Segment Open

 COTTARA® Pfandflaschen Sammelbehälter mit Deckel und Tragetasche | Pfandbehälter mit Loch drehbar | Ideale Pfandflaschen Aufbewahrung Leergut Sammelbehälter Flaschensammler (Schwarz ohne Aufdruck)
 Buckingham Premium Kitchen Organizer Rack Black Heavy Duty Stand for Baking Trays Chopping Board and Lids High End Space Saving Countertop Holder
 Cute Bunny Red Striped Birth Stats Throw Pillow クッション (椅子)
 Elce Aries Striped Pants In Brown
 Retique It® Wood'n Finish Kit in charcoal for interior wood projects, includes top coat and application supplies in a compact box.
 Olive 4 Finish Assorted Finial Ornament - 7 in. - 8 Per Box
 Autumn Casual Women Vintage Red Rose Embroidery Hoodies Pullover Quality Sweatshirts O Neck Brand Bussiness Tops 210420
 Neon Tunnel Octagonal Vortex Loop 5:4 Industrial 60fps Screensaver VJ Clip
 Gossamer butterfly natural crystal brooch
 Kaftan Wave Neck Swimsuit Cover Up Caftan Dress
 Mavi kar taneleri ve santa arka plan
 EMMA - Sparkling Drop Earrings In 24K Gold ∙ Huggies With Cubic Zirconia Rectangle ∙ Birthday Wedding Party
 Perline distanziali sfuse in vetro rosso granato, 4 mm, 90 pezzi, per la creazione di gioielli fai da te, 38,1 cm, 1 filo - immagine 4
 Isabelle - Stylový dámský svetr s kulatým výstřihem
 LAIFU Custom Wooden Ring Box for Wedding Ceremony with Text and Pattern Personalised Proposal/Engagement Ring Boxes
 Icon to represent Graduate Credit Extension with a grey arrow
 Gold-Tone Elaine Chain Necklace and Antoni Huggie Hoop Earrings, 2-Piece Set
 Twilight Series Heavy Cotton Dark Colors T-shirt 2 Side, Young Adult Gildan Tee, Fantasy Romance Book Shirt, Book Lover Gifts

Segment Closed

> **Work to complete**:
Scan the records above for the string "Earrings", then report every line that contains it.

> **Task solution**:
 EMMA - Sparkling Drop Earrings In 24K Gold ∙ Huggies With Cubic Zirconia Rectangle ∙ Birthday Wedding Party
 Gold-Tone Elaine Chain Necklace and Antoni Huggie Hoop Earrings, 2-Piece Set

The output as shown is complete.